A classical pattern to do the above is to apply the master/worker pattern where a master gives tasks to workers. Workers repeatedly fetch a new task from a queue , run it and report back somewhere its status.

Minionize encapsulates a.out so that it can takes its inputs from a queue.

Currently we support:

  • execo based queue: the queue is stored in a shared file system in your cluster (actually, there’s no master)

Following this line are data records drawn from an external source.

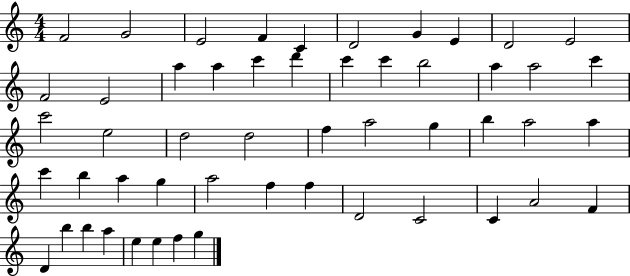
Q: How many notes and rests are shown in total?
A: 52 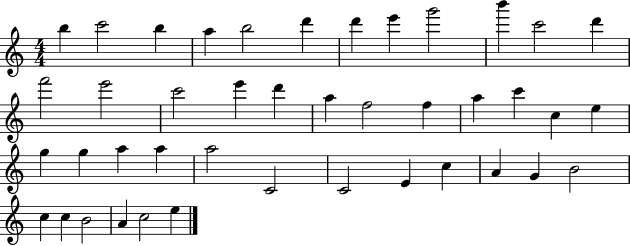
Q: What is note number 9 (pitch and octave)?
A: G6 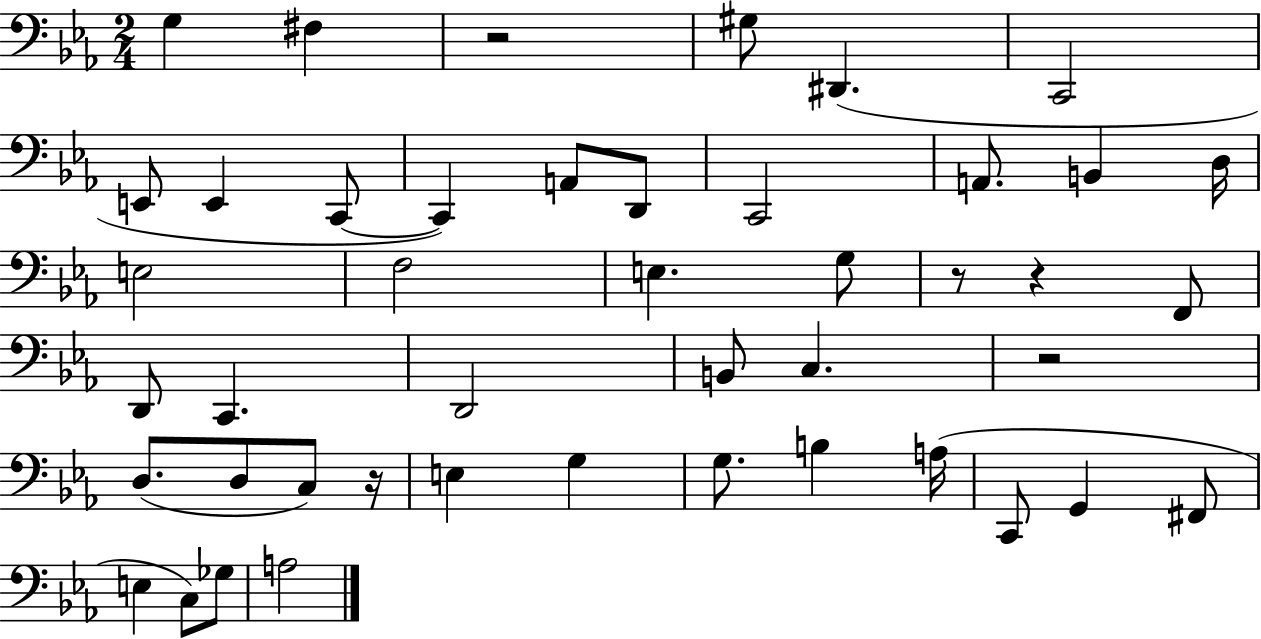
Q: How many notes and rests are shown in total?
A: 45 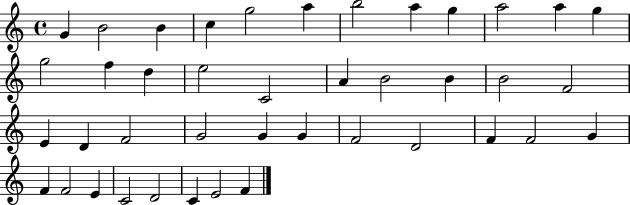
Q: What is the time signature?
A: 4/4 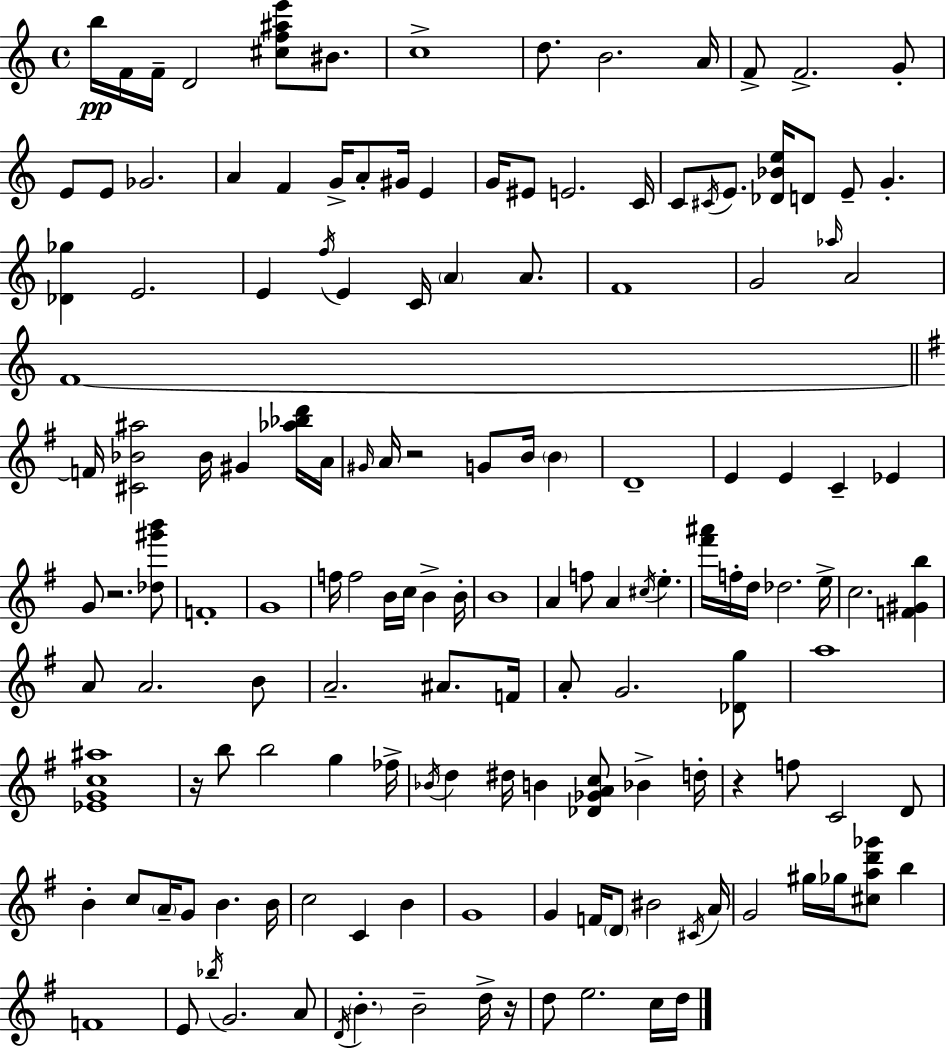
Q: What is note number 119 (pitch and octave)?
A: B5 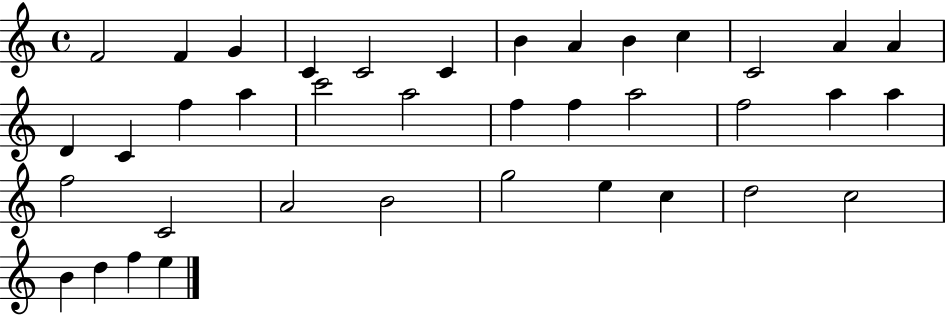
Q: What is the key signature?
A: C major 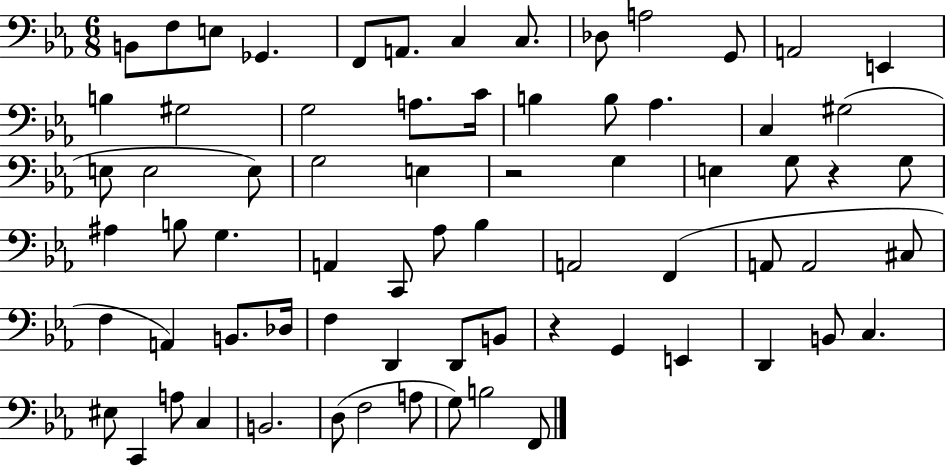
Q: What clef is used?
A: bass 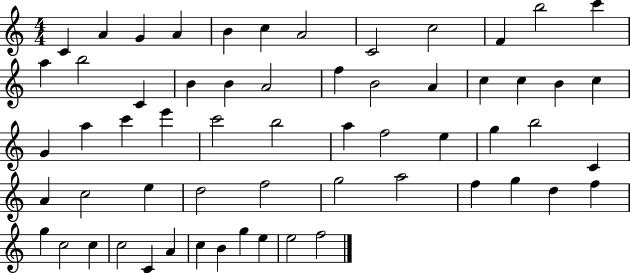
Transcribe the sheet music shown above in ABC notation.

X:1
T:Untitled
M:4/4
L:1/4
K:C
C A G A B c A2 C2 c2 F b2 c' a b2 C B B A2 f B2 A c c B c G a c' e' c'2 b2 a f2 e g b2 C A c2 e d2 f2 g2 a2 f g d f g c2 c c2 C A c B g e e2 f2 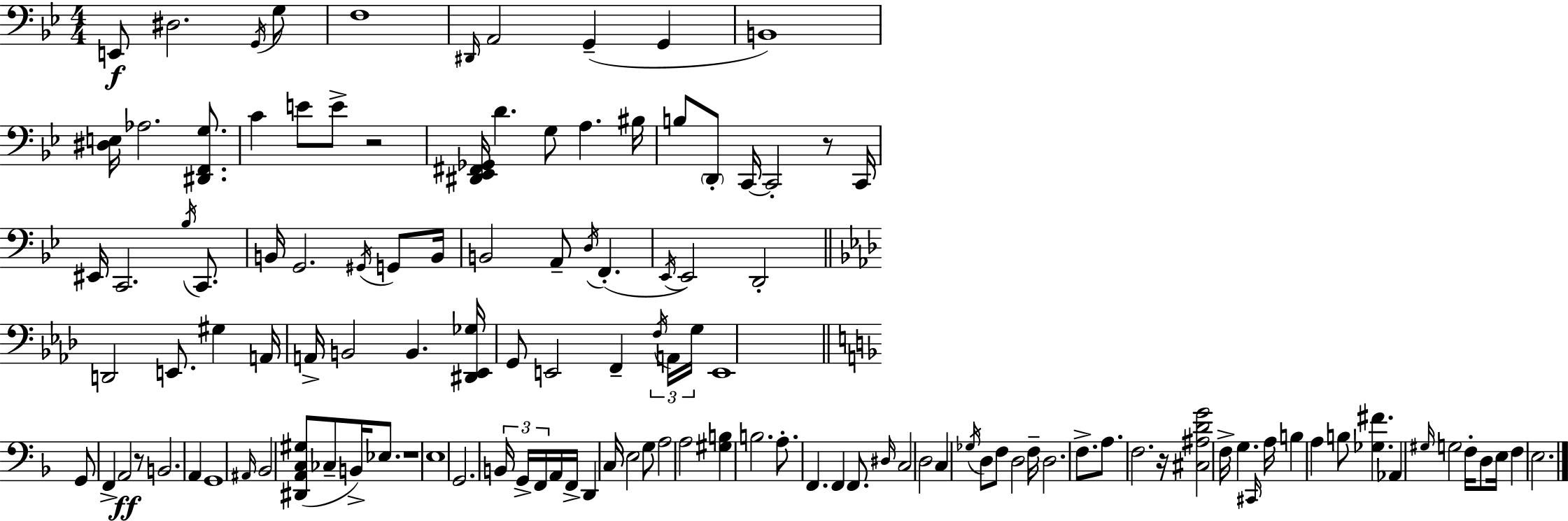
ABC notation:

X:1
T:Untitled
M:4/4
L:1/4
K:Bb
E,,/2 ^D,2 G,,/4 G,/2 F,4 ^D,,/4 A,,2 G,, G,, B,,4 [^D,E,]/4 _A,2 [^D,,F,,G,]/2 C E/2 E/2 z2 [^D,,_E,,^F,,_G,,]/4 D G,/2 A, ^B,/4 B,/2 D,,/2 C,,/4 C,,2 z/2 C,,/4 ^E,,/4 C,,2 _B,/4 C,,/2 B,,/4 G,,2 ^G,,/4 G,,/2 B,,/4 B,,2 A,,/2 D,/4 F,, _E,,/4 _E,,2 D,,2 D,,2 E,,/2 ^G, A,,/4 A,,/4 B,,2 B,, [^D,,_E,,_G,]/4 G,,/2 E,,2 F,, F,/4 A,,/4 G,/4 E,,4 G,,/2 F,, A,,2 z/2 B,,2 A,, G,,4 ^A,,/4 _B,,2 [^D,,A,,C,^G,]/2 _C,/2 B,,/4 _E,/2 z4 E,4 G,,2 B,,/4 G,,/4 F,,/4 A,,/4 F,,/4 D,, C,/4 E,2 G,/2 A,2 A,2 [^G,B,] B,2 A,/2 F,, F,, F,,/2 ^D,/4 C,2 D,2 C, _G,/4 D,/2 F,/2 D,2 F,/4 D,2 F,/2 A,/2 F,2 z/4 [^C,^A,DG]2 F,/4 G, ^C,,/4 A,/4 B, A, B,/2 [_G,^F] _A,, ^G,/4 G,2 F,/4 D,/2 E,/4 F, E,2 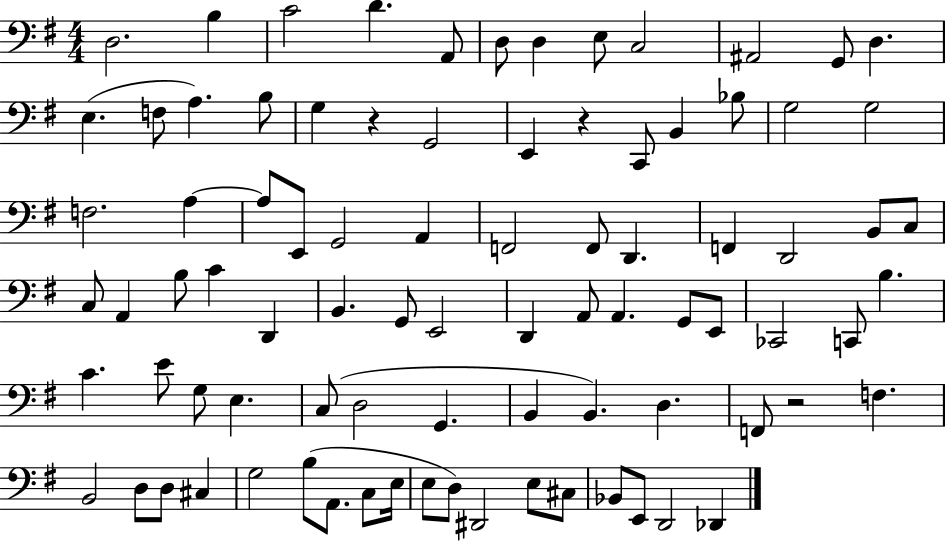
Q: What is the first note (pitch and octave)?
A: D3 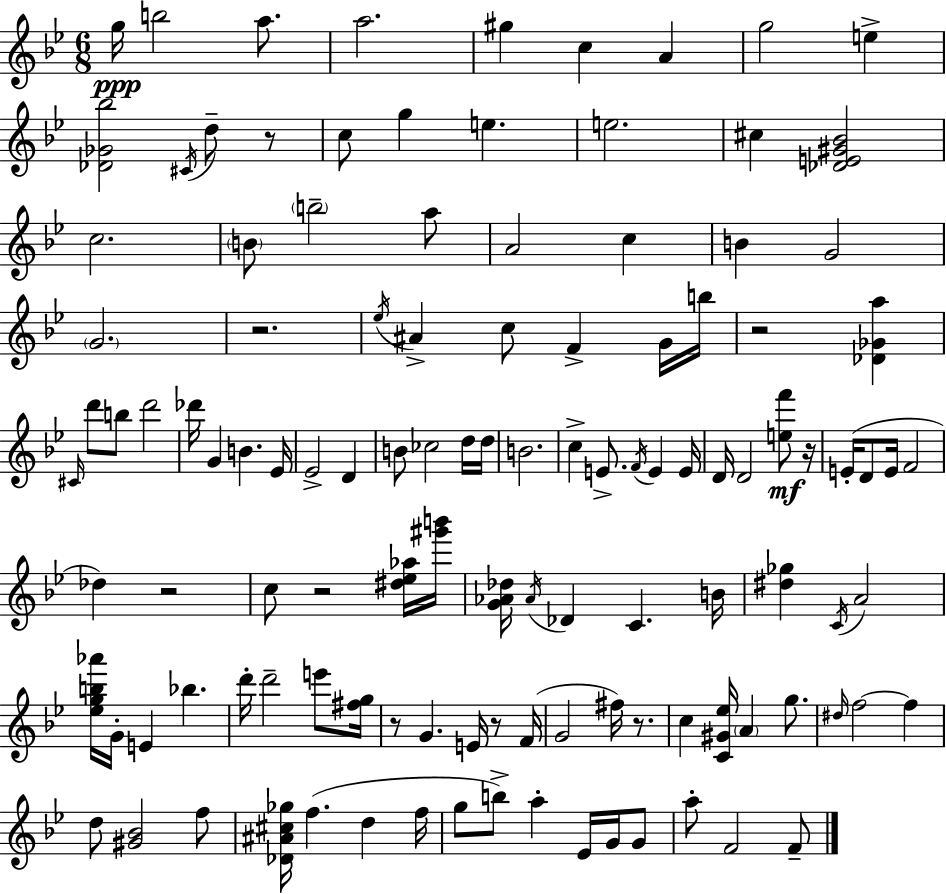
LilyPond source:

{
  \clef treble
  \numericTimeSignature
  \time 6/8
  \key bes \major
  g''16\ppp b''2 a''8. | a''2. | gis''4 c''4 a'4 | g''2 e''4-> | \break <des' ges' bes''>2 \acciaccatura { cis'16 } d''8-- r8 | c''8 g''4 e''4. | e''2. | cis''4 <des' e' gis' bes'>2 | \break c''2. | \parenthesize b'8 \parenthesize b''2-- a''8 | a'2 c''4 | b'4 g'2 | \break \parenthesize g'2. | r2. | \acciaccatura { ees''16 } ais'4-> c''8 f'4-> | g'16 b''16 r2 <des' ges' a''>4 | \break \grace { cis'16 } d'''8 b''8 d'''2 | des'''16 g'4 b'4. | ees'16 ees'2-> d'4 | b'8 ces''2 | \break d''16 d''16 b'2. | c''4-> e'8.-> \acciaccatura { f'16 } e'4 | e'16 d'16 d'2 | <e'' f'''>8\mf r16 e'16-.( d'8 e'16 f'2 | \break des''4) r2 | c''8 r2 | <dis'' ees'' aes''>16 <gis''' b'''>16 <g' aes' des''>16 \acciaccatura { aes'16 } des'4 c'4. | b'16 <dis'' ges''>4 \acciaccatura { c'16 } a'2 | \break <ees'' g'' b'' aes'''>16 g'16-. e'4 | bes''4. d'''16-. d'''2-- | e'''8 <fis'' g''>16 r8 g'4. | e'16 r8 f'16( g'2 | \break fis''16) r8. c''4 <c' gis' ees''>16 \parenthesize a'4 | g''8. \grace { dis''16 } f''2~~ | f''4 d''8 <gis' bes'>2 | f''8 <des' ais' cis'' ges''>16 f''4.( | \break d''4 f''16 g''8 b''8->) a''4-. | ees'16 g'16 g'8 a''8-. f'2 | f'8-- \bar "|."
} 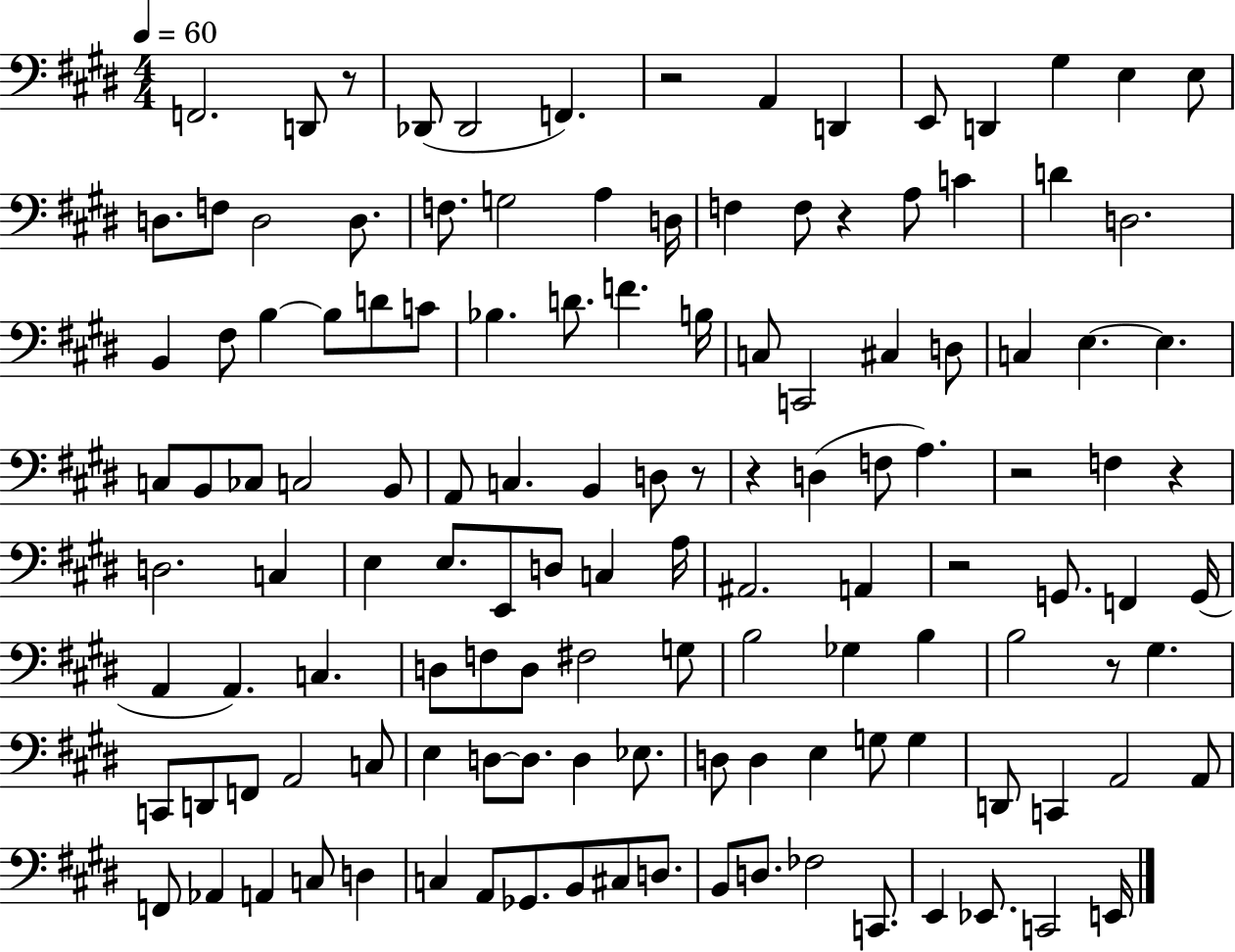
{
  \clef bass
  \numericTimeSignature
  \time 4/4
  \key e \major
  \tempo 4 = 60
  f,2. d,8 r8 | des,8( des,2 f,4.) | r2 a,4 d,4 | e,8 d,4 gis4 e4 e8 | \break d8. f8 d2 d8. | f8. g2 a4 d16 | f4 f8 r4 a8 c'4 | d'4 d2. | \break b,4 fis8 b4~~ b8 d'8 c'8 | bes4. d'8. f'4. b16 | c8 c,2 cis4 d8 | c4 e4.~~ e4. | \break c8 b,8 ces8 c2 b,8 | a,8 c4. b,4 d8 r8 | r4 d4( f8 a4.) | r2 f4 r4 | \break d2. c4 | e4 e8. e,8 d8 c4 a16 | ais,2. a,4 | r2 g,8. f,4 g,16( | \break a,4 a,4.) c4. | d8 f8 d8 fis2 g8 | b2 ges4 b4 | b2 r8 gis4. | \break c,8 d,8 f,8 a,2 c8 | e4 d8~~ d8. d4 ees8. | d8 d4 e4 g8 g4 | d,8 c,4 a,2 a,8 | \break f,8 aes,4 a,4 c8 d4 | c4 a,8 ges,8. b,8 cis8 d8. | b,8 d8. fes2 c,8. | e,4 ees,8. c,2 e,16 | \break \bar "|."
}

  • Google pub/sub based queue: the queue is hosted by Google

Some examples

  • Simplest use: In this case the received params are appended to the minionized program. If you need more control on the params see below.

    • with Execo engine:

      # Create the queue of params
      # You'll have to run this prior to launching your minions (adapt to
      # your need / make a regular script)
      $) python -c "from execo_engine.sweep import ParamSweeper; ParamSweeper('sweeps', sweeps=range(10), save_sweeps=True)"
      
      # start your minions
      $) MINION_ENGINE=execo minionize echo hello
      hello 0
      hello 1
      hello 2
      hello 3
      hello 4
      hello 5
      hello 6
      hello 7
      hello 8
      hello 9
  • On a OAR cluster (Igrida/Grid5000):

    • Generate the queue for example with Execo

      python -c "from execo_engine.sweep import ParamSweeper; ParamSweeper('sweeps', sweeps=range(1000), save_sweeps=True)"
      • Create your oar scan script:

      #!/usr/bin/env bash
      
      #OAR -n kpd
      #OAR -l nodes=1,walltime=1:0:0
      #OAR -t besteffort
      #OAR -t idempotent
      
      # oarsub --array 10 -S ./oar.sh
      
      set -eux
      
      pip install minionize
      
      minionize echo "hello from $OAR_JOB_ID"
      • Start your minions

      echo "MINION_ENGINE=execo" > .env
      oarsub --array 10 -S ./oar.sh
      • Example of output:

      $) cat OAR.1287856.stdout
      [...]
      hello from 1287856 135
      hello from 1287856 139
      hello from 1287856 143
      hello from 1287856 147
      hello from 1287856 151
      hello from 1287856 155
      hello from 1287856 159
      hello from 1287856 163
      hello from 1287856 167
      [...]
  • Custom parameters handling:

    The params sent to you program can be anything (e.g a python dict). In some cases (many actually), you’ll need to transform these params to something that you program can understand. So you’ll need to minionize your program by writing a custom Callback.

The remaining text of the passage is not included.